For Mariners fans, the beginning of the winter meetings was all about Mitch Haniger‘s trade rumors. Now, not even a week later, we are all focused on a different player.
Of course, the focus of Mariners fandom has shifted from Mitch Haniger’s trade rumors to the revelation that teams are interested in Kyle Seager, something that was previously considered ridiculous. But in the rush to overanalyze a simple rumor, many have cruised past the logical stopping point.
The simple truth is that trading Kyle Seager is not something Seattle has to do. We aren’t even close to that point and we probably will never get there. You see, so many fans believe that trading Seager’s contract will somehow lead to the team spending more money down the road. But there is no evidence this is the case.

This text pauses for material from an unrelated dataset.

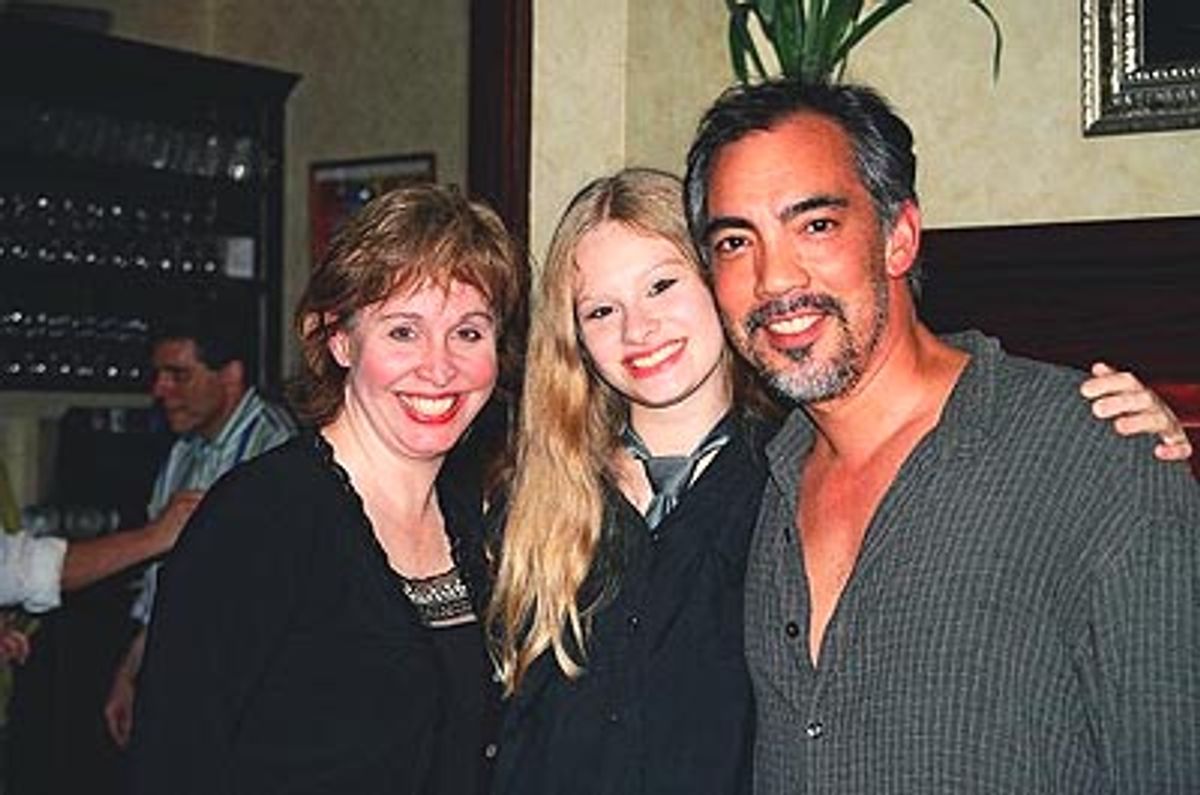 Nancy with daughter Jillian and husband Thom Sesma at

The Mariner’s current 40-man payroll figure hovers around $100 million, including the portions of salaries they are covering from trade assets like Jay Bruce and Robinson Cano. In 2018, the last year they tried to compete for a playoff spot, the payroll exceeded $170 million.
This figure, $170 million, is probably a good expectation for the Mariners to have when they decide they are ready to make their playoff run. But for now, it is all about playing young guys and those guys come cheap (at least to the payroll). Simply put, Seattle’s payroll doesn’t need to be relieved. It is in great shape, both in 2020 and beyond.

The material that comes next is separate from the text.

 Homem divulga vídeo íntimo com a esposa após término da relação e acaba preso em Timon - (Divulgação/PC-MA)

And let’s be honest, no team is going to take on all of Kyle Seager’s salary, meaning the Mariners will need to eat money to facilitate a trade. Why should the Mariners spend money to get rid of a player who, A. isn’t blocking anybody’s playing time in 2020 and b, Could see his trade value significantly increase by July?

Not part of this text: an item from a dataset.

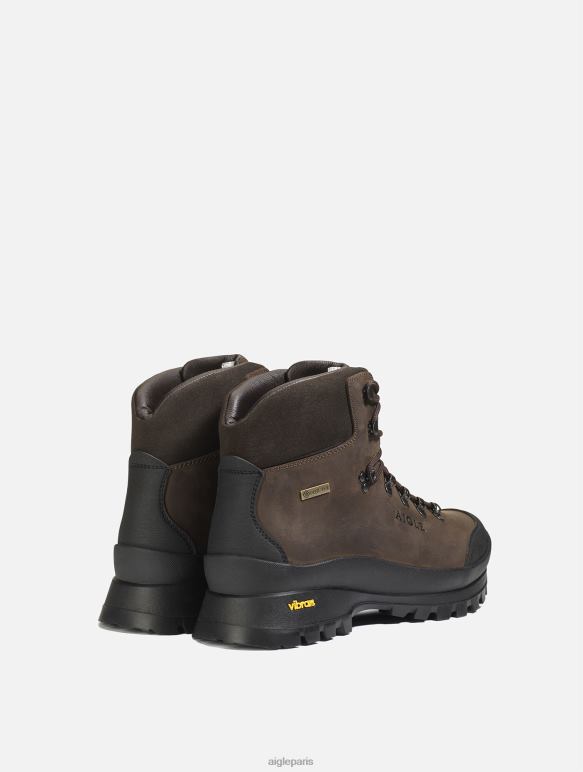 Hommes marron foncé Aigle bottines en cuir ultra techniques avec membrane gore-tex et semelle vibram bottes 2F486275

Demanding Jerry Dipoto trade Seager doesn’t accomplish anything of value. The return for Seager is likely minimal and would require serious money being sent to get no value in return. If Seager was blocking promising young talent like Jay Bruce was, we could have this discussion. But the next everyday Mariners’ third baseman likely hasn’t even played in full-season ball.
Now, you should certainly listen to all inquiries on Seager and any player for that matter, because you never know what could pop. But treating Seager as a must-do salary dump is simply moronic. There is no value in a Zack Cozart style deal and as such, shouldn’t even be considered.
Trade rumors are fun and we will certainly continue to examine the market and rumors surrounding Seager. But any deal that starts with the idea that the Mariners are just trying to dump Seager’s salary should be an automatic no-go for Jerry Dipoto and his crew.